(Records provided begins)

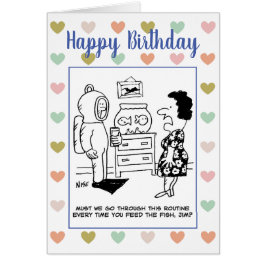 男はスキューバギアで魚に食べ物を与え服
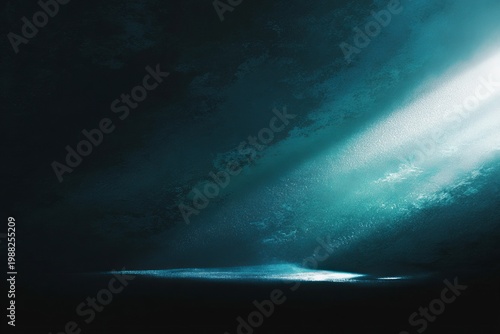 Dramatic blue light rays shining through darkness in abstract scene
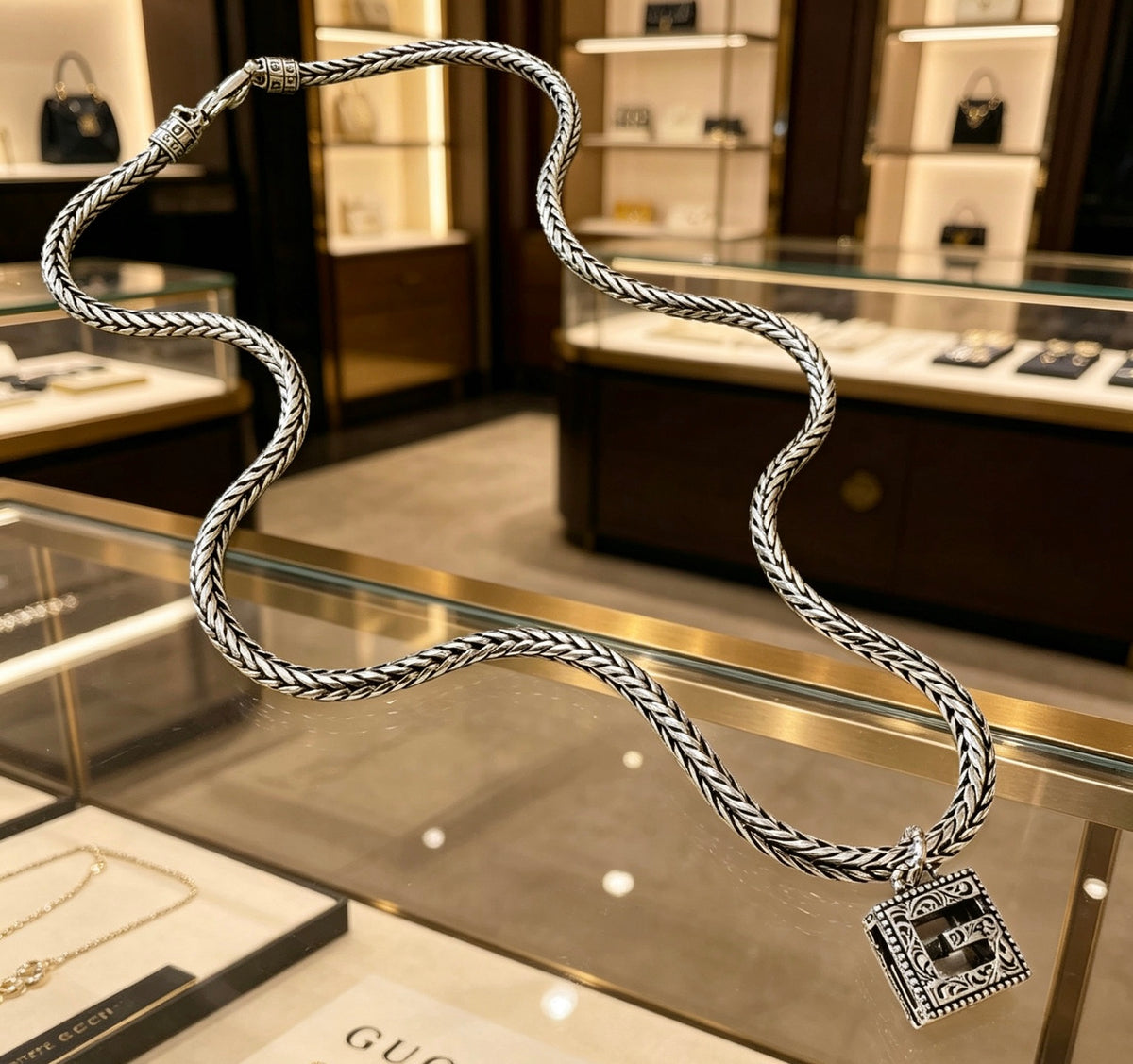 Double-G Emblem Pendant Necklace in Gold-Tone – Design 001 close-up detail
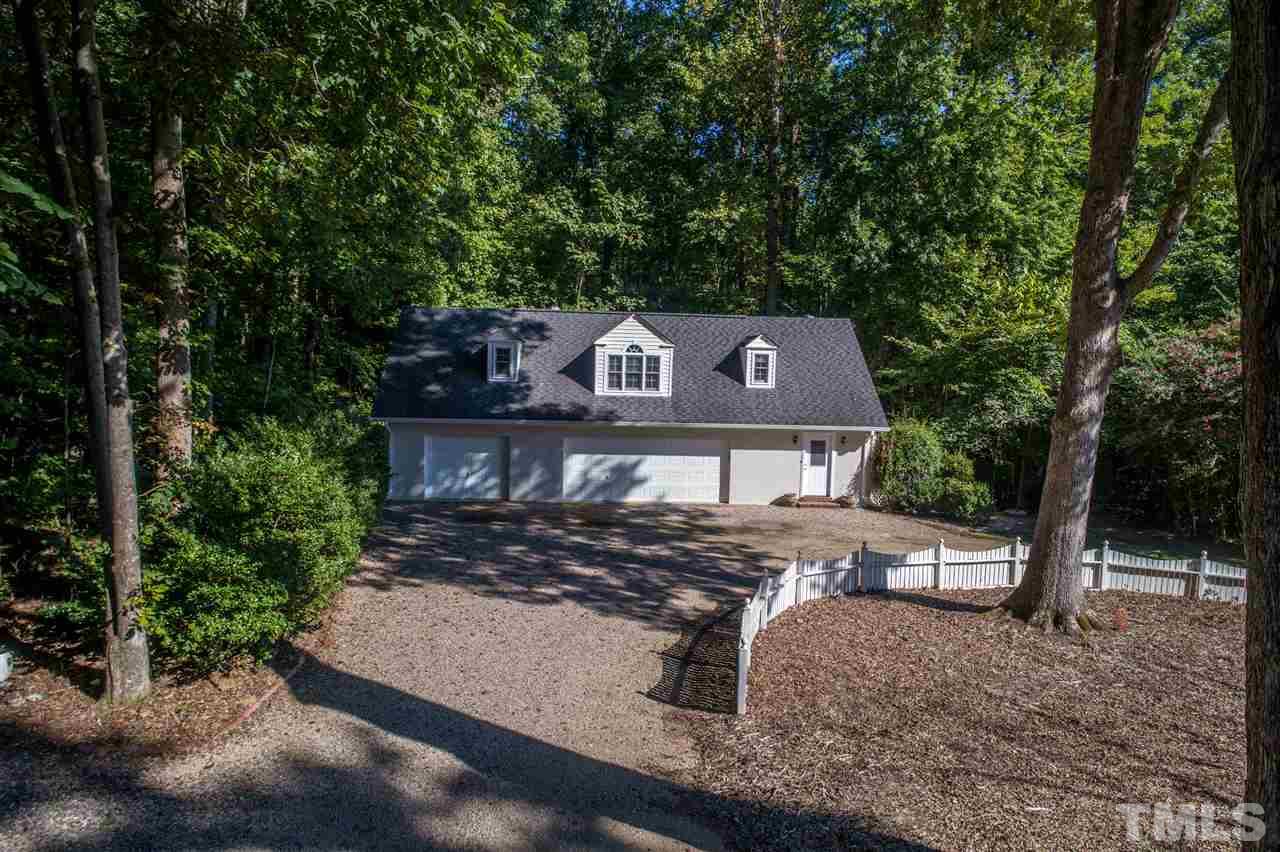 7233 Kemp Road Raleigh, NC 27613 - Photo 22 of 25 front view of a house with a trees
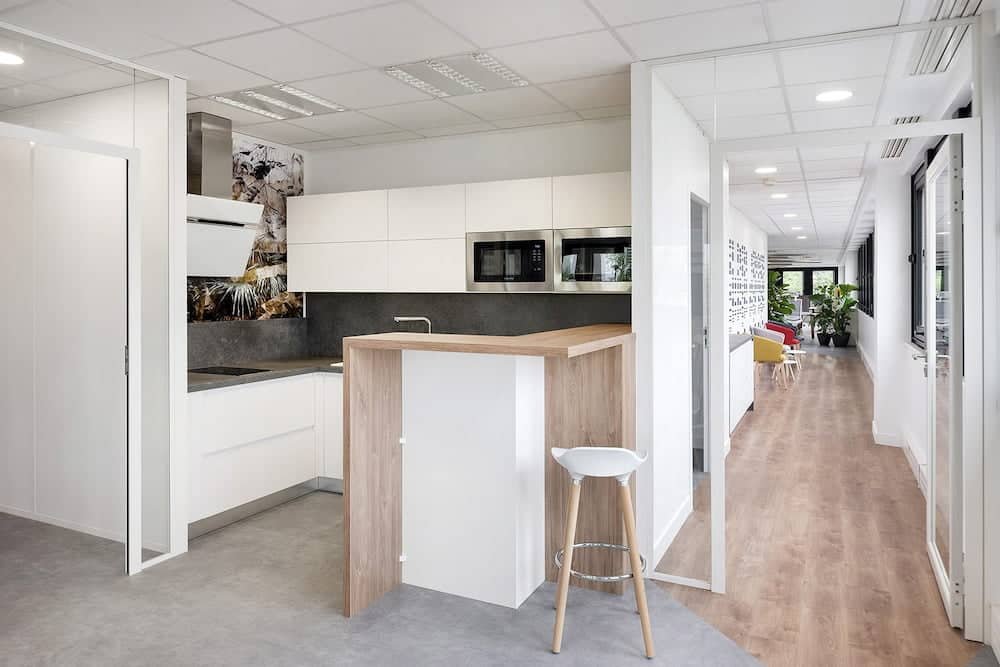 Kitchenette de bureau moderne avec des armoires blanches, des appareils encastrés, un petit bar de petit-déjeuner en bois et un tabouret blanc. Couloir avec sol en bois et coin salon visible à l'arrière-plan.
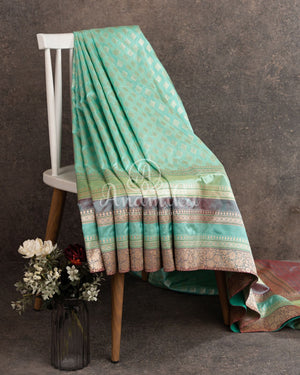 Teal Banarasi Silk Saree with a contrast hand work blouse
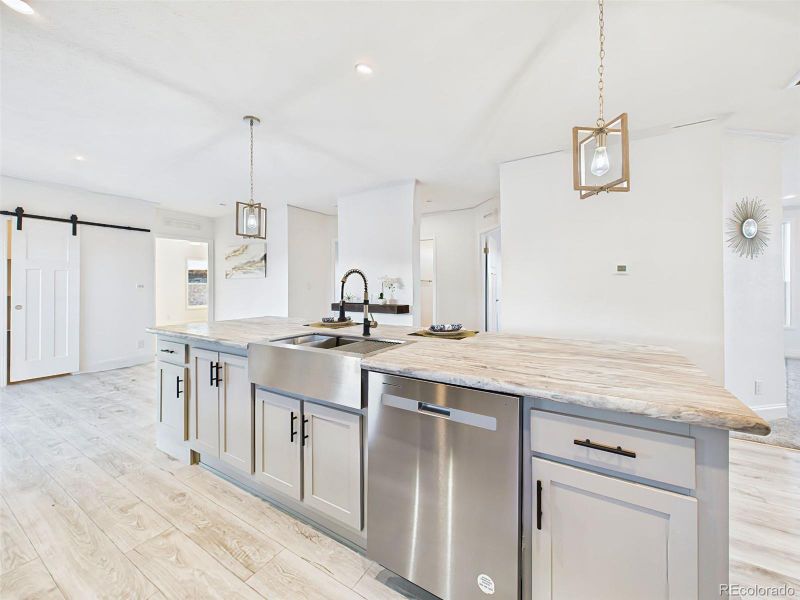 Stainless steel dishwasher in the island and pendent lights for a clean, upscale look. Stainless steel dishwasher in the island and pendent lights for a clean, upscale look.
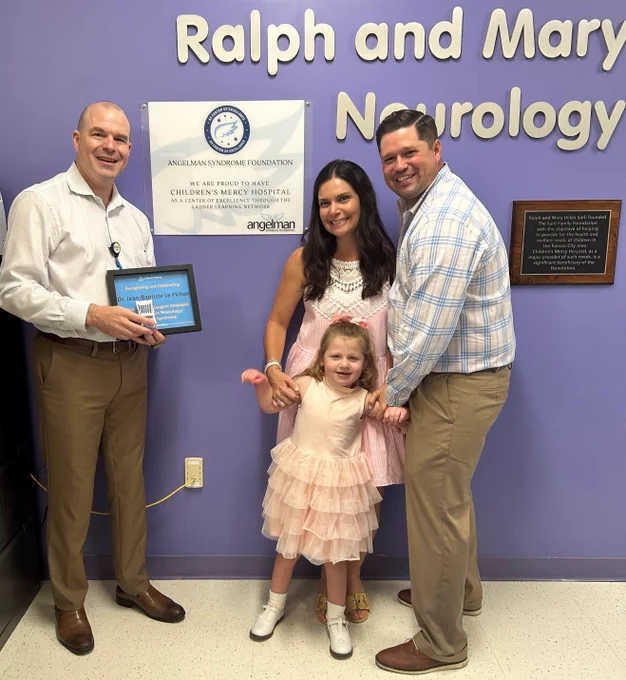 The Sargent family (Laura, Patrick, and their daughter Maddie) stand next to Dr. J. B. Le Pichon. all are smiling. Dr. Le Pichon holds a framed certificate recognizing him as the recipient of the Madison Lauren Sargent Endowed Professorship in Neurology/Angelman Syndrome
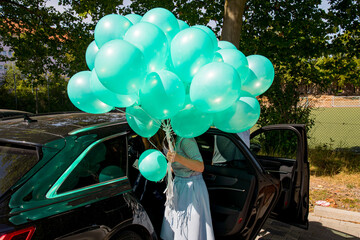 green hot air balloon in the park holding by a person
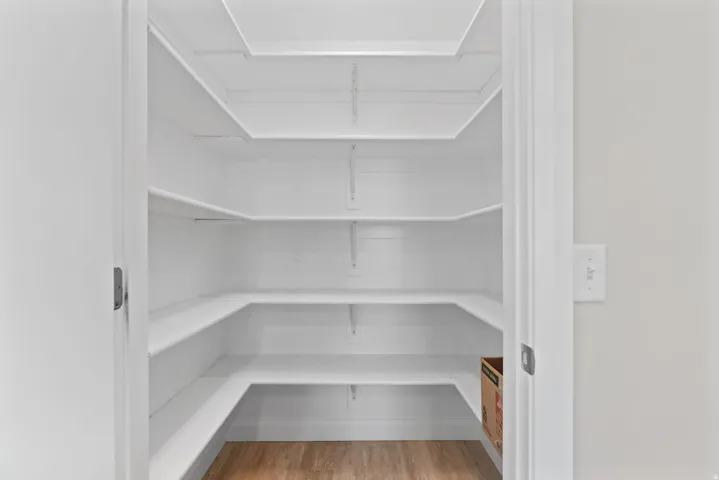 Walk-in pantry featuring multiple levels of white shelving and wood-finish flooring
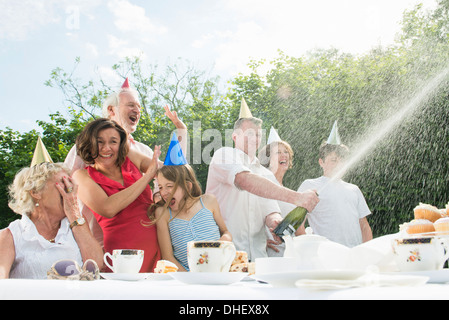 Family celebrating birthday, man opening champagne Stock Photo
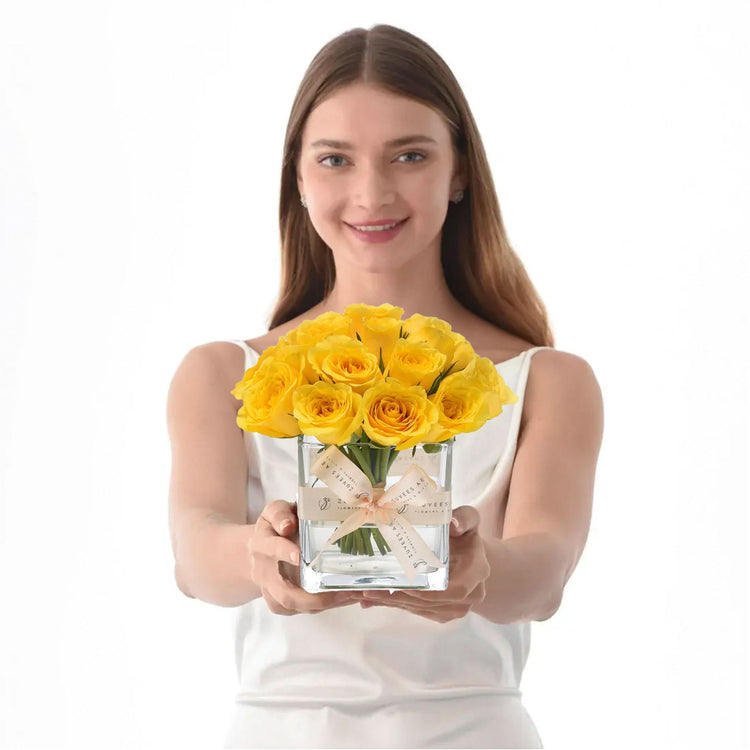 Woman holds clear vase with vibrant yellow roses, tied with cream ribbon.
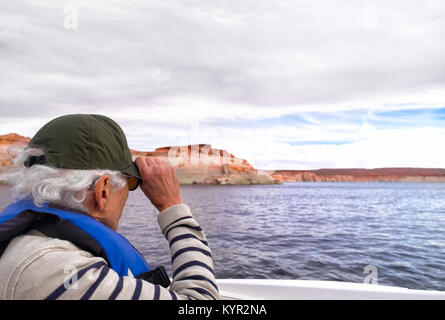 Active Senior auf einem Schnellboot, halten uns an seinen Hut. Er trägt einen diskreten Hörgeräten, leicht hinter seinem Ohr gesehen. Ort: Lake Powell, Arizona Stockfoto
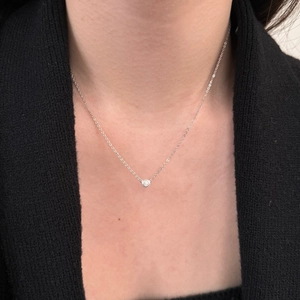 Detail of silver S925 necklace with a round bezel-set solitaire diamond on neck
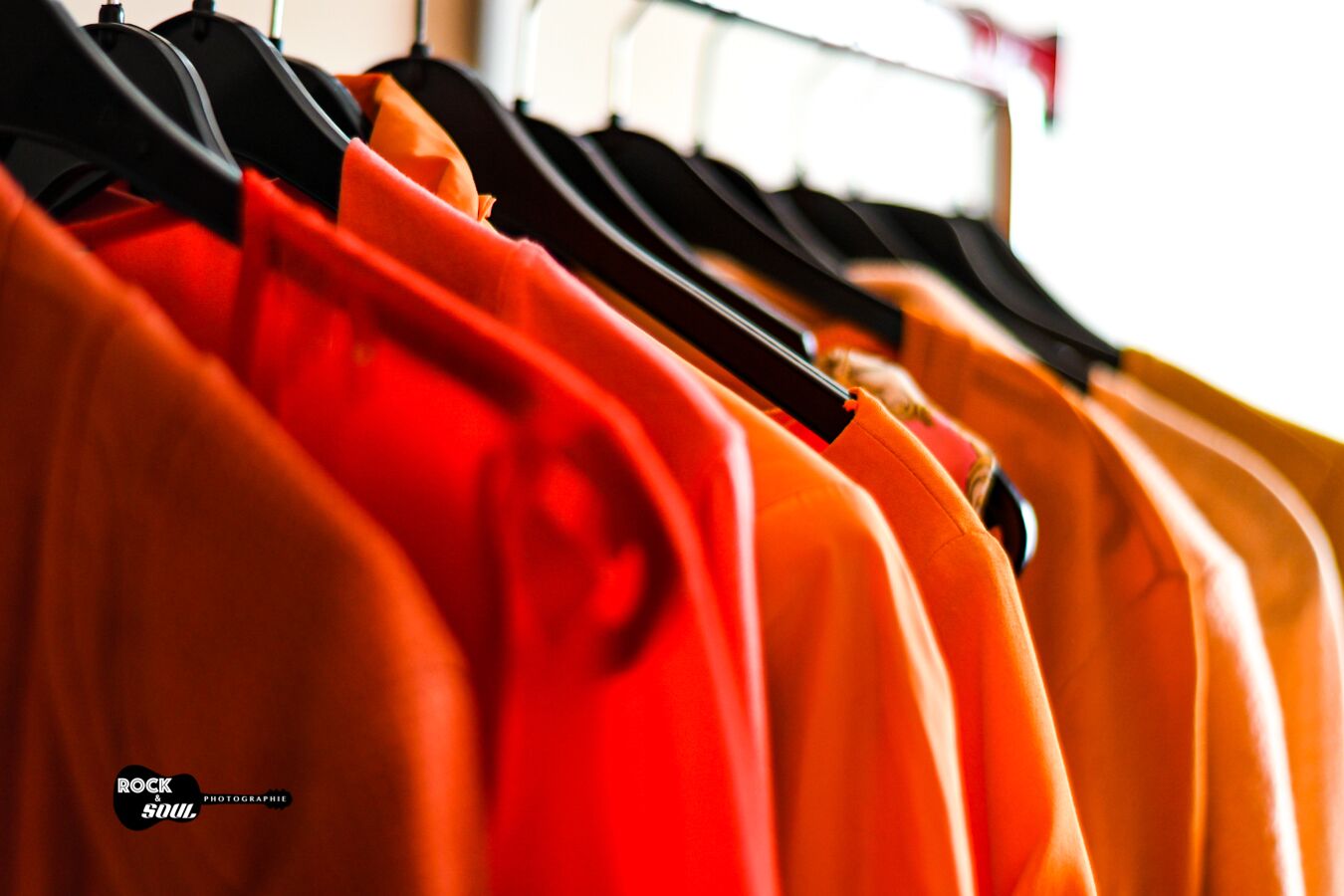 Kleidung orange auf Kleiderstange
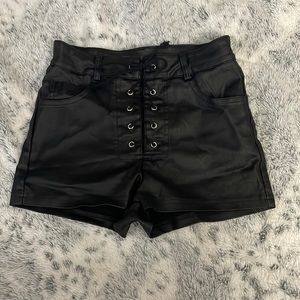 Crisscross high rise black shorts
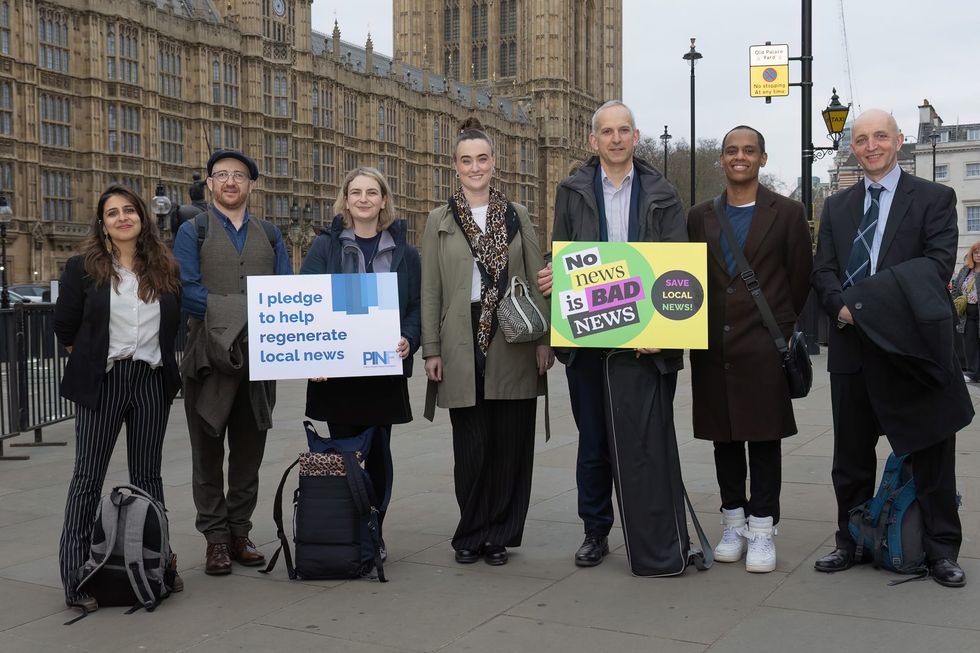 The PINF team outside parliament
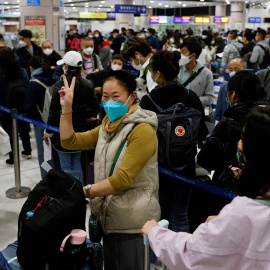 Una mujer celebra en una abarrotada estación de Lok Ma Chau, en Hong Kong, la reapertura de fronteras en China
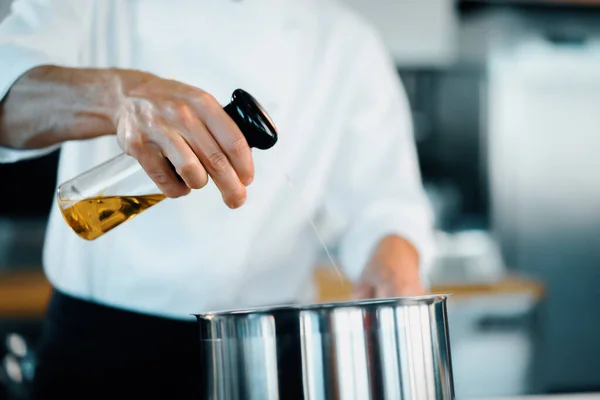 Professional restaurant kitchen, close-up: the chef splashes oil on pan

(Records provided ends)

- _Work item_
Repeat the exact lines from the first line of the data through the line containing "upscale look. Stainless". Nothing else, no pictures.

- _Your solution_
 男はスキューバギアで魚に食べ物を与え服
 Dramatic blue light rays shining through darkness in abstract scene
 Double-G Emblem Pendant Necklace in Gold-Tone – Design 001 close-up detail
 7233 Kemp Road Raleigh, NC 27613 - Photo 22 of 25 front view of a house with a trees
 Kitchenette de bureau moderne avec des armoires blanches, des appareils encastrés, un petit bar de petit-déjeuner en bois et un tabouret blanc. Couloir avec sol en bois et coin salon visible à l'arrière-plan.
 Teal Banarasi Silk Saree with a contrast hand work blouse
 Stainless steel dishwasher in the island and pendent lights for a clean, upscale look. Stainless steel dishwasher in the island and pendent lights for a clean, upscale look.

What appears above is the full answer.